▶ _Work to complete_
Only the lines below from the one containing "Pureveda Myrrhe-Guggul |" through the one containing "LG GSM32HSBEH –" belong in the answer, set down exactly, with the pictures left out.

[[ Given records open ]]

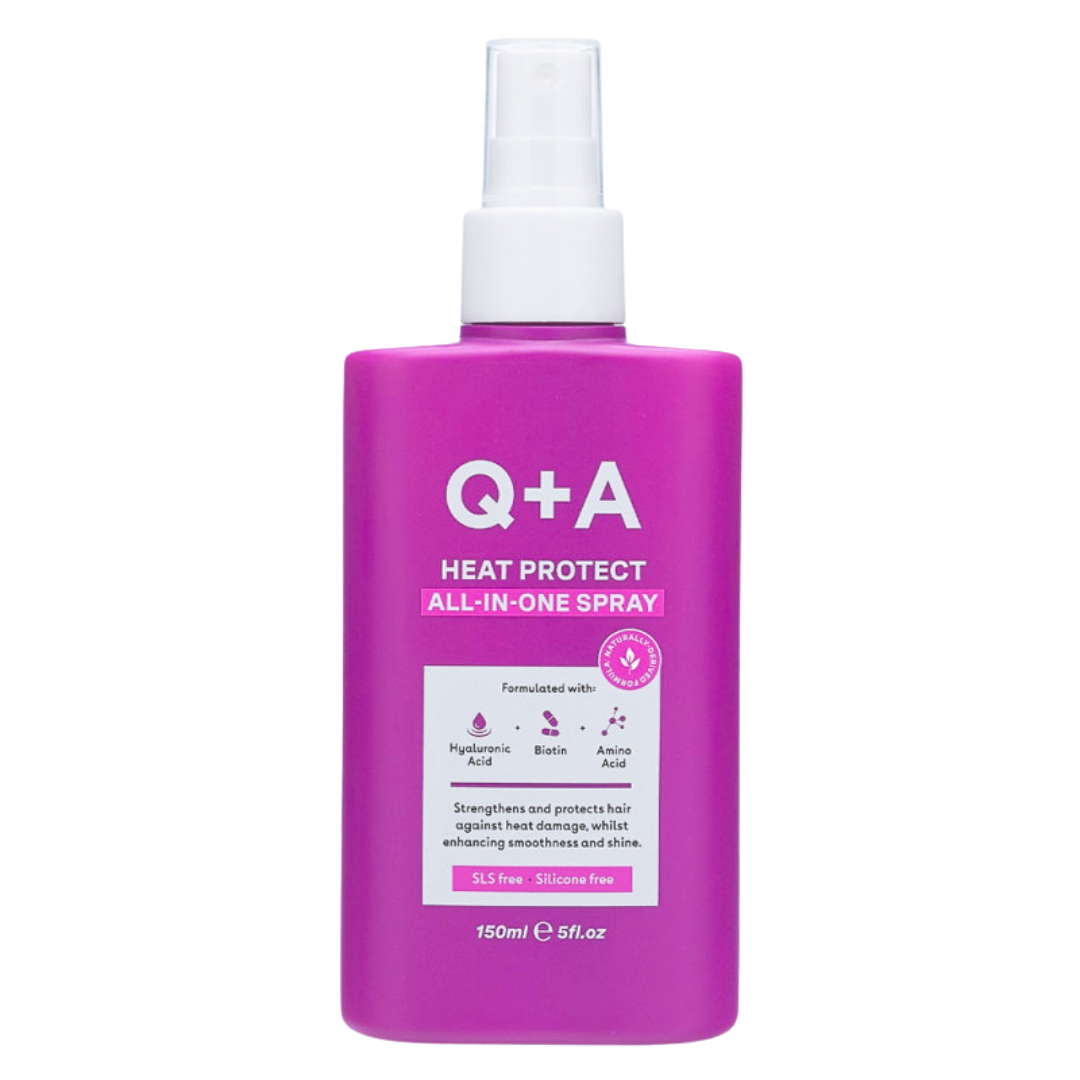 QA-Heat-Protect-All-in-On-Spray-150ml Q+A Heat Protect All-In-On Spray 150ml – Image 1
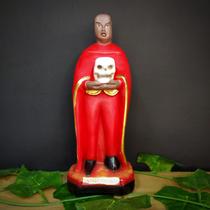 Imagem em gesso exu joão caveira 21cm Imagem em gesso exu joão caveira 21cm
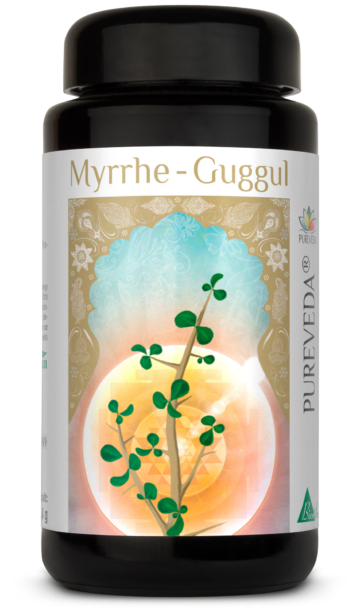 Pureveda Myrrhe-Guggul | 900mg Myrrhe-Guggul | 90 Kapseln |  Dr. med. Michalzik
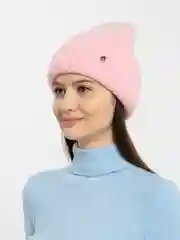 Розовый шапка женская "Жюли"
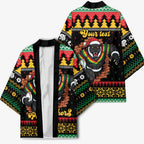 Merry Panther Roar Personalized Kimono Christmas Rugby League Spirit - Aussie Hoodie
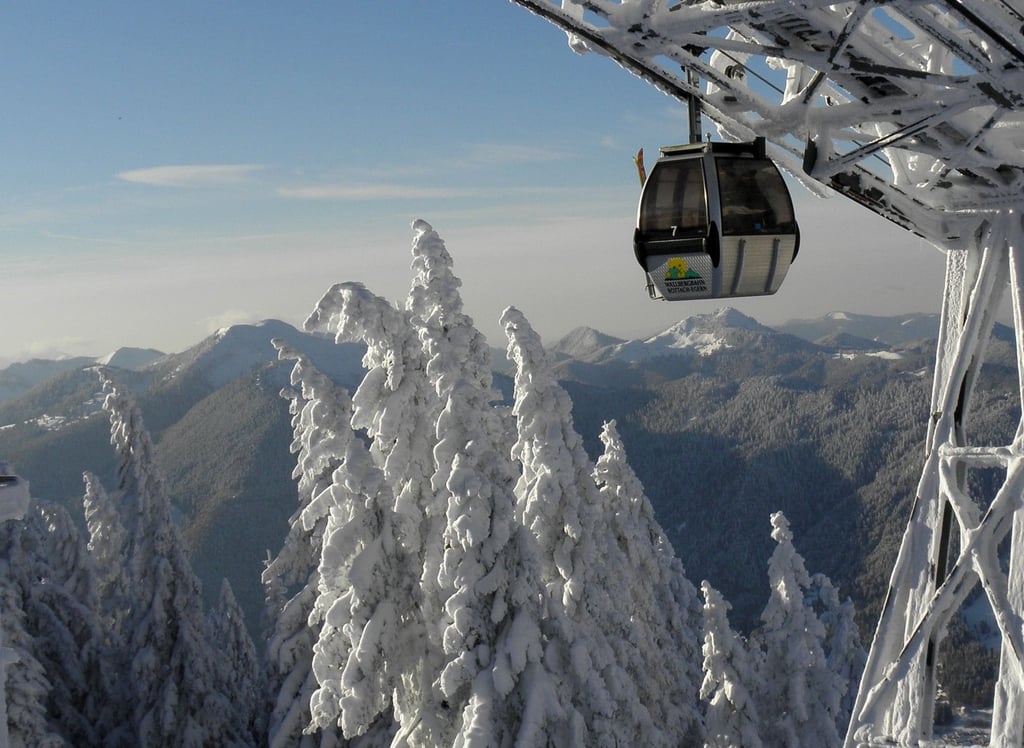 Schlittenfahren und Rodeln in und um München: Wallbergbahn in Rottach-Egern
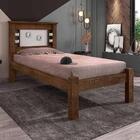 Cama Solteiro Com Detalhes Na Cabeceira Malbec Off White Laví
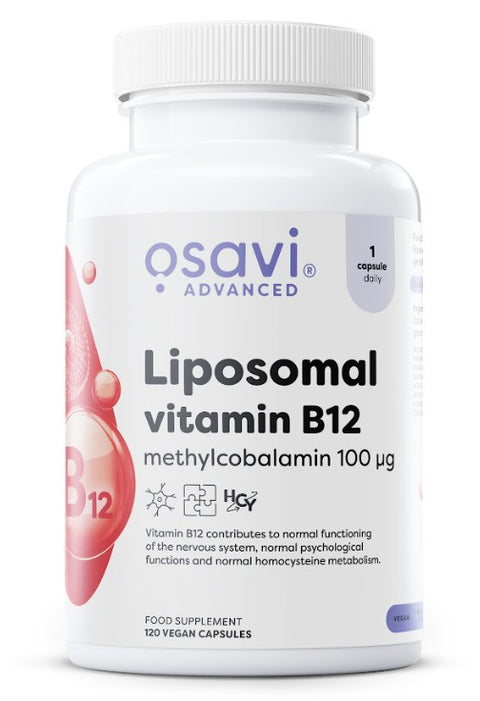 Liposomal Vitamin B12 - Methylcobalamin 100mcg - 120 vegan caps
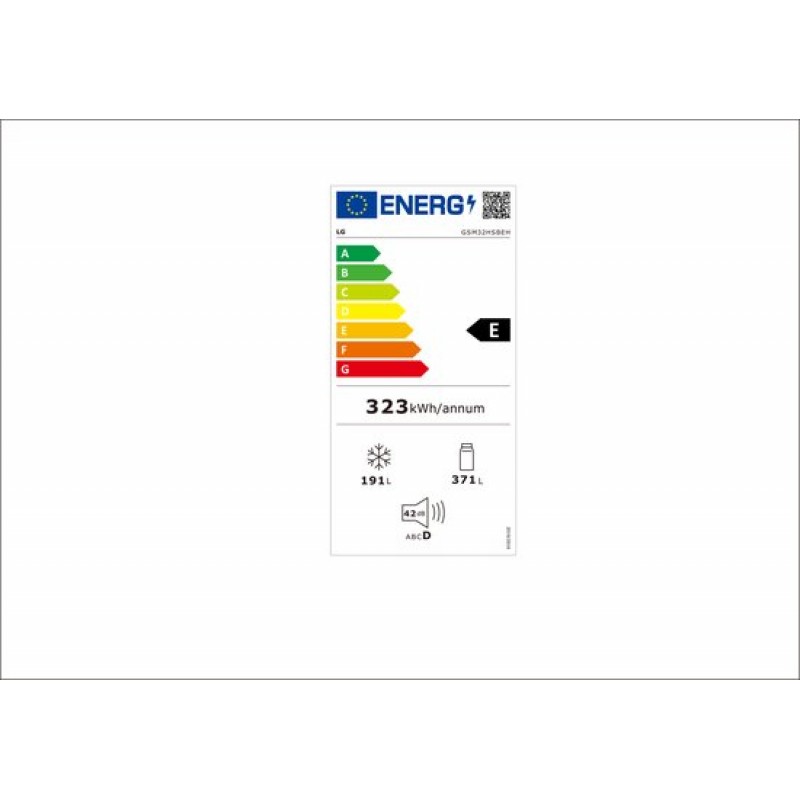 LG GSM32HSBEH – Amerikaanse koelkast-  562L - Total No Frost - Zilver-Water & IJsdispenser met Waterreservoir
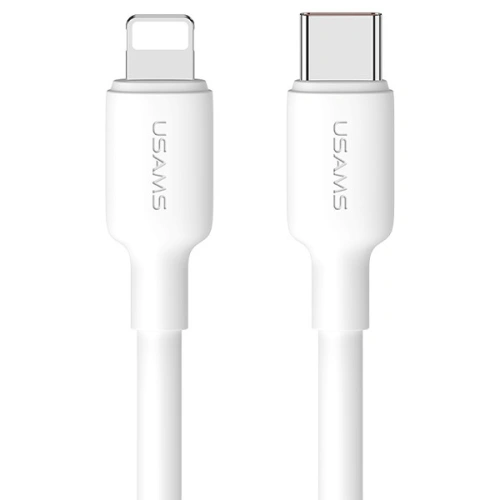 Kup USAMS US-CC186 Netzladegerät USB-C 30W PD3.0 + Kabel US-SJ610 USB-C / Lightning weiß - USA1028 - {ean13} - Sklep Home Screen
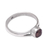 Cultured pearl solitaire ring, 'Petite Chic' - Sterling Silver Solitaire Ring with Brown Cultured Pearl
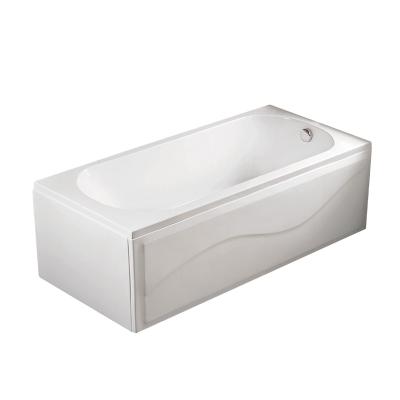 China European design commercial price of skirt double side (straight skirt) soaking acrylic one-piece bathtub for sale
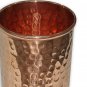 Copper Tumbler Hammered Glass Cup for Healing Ayurveda Product 8.45 Oz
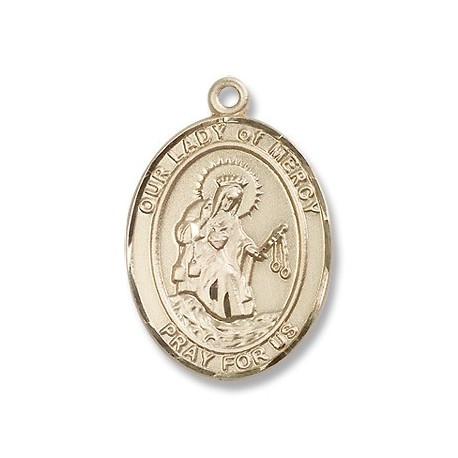 Gold Filled O/L of Mercy Pendant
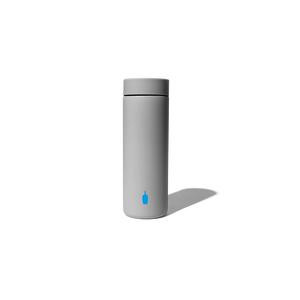 Blue Bottle Coffee MiiR 360 Traveler, 16 oz in Fog Grey,  Durable Double-Walled Insulation, BPA-free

[[ Given records closed ]]

▶ _Written answer_
 Pureveda Myrrhe-Guggul | 900mg Myrrhe-Guggul | 90 Kapseln |  Dr. med. Michalzik
 Розовый шапка женская "Жюли"
 Merry Panther Roar Personalized Kimono Christmas Rugby League Spirit - Aussie Hoodie
 Schlittenfahren und Rodeln in und um München: Wallbergbahn in Rottach-Egern
 Cama Solteiro Com Detalhes Na Cabeceira Malbec Off White Laví
 Liposomal Vitamin B12 - Methylcobalamin 100mcg - 120 vegan caps
 LG GSM32HSBEH – Amerikaanse koelkast-  562L - Total No Frost - Zilver-Water & IJsdispenser met Waterreservoir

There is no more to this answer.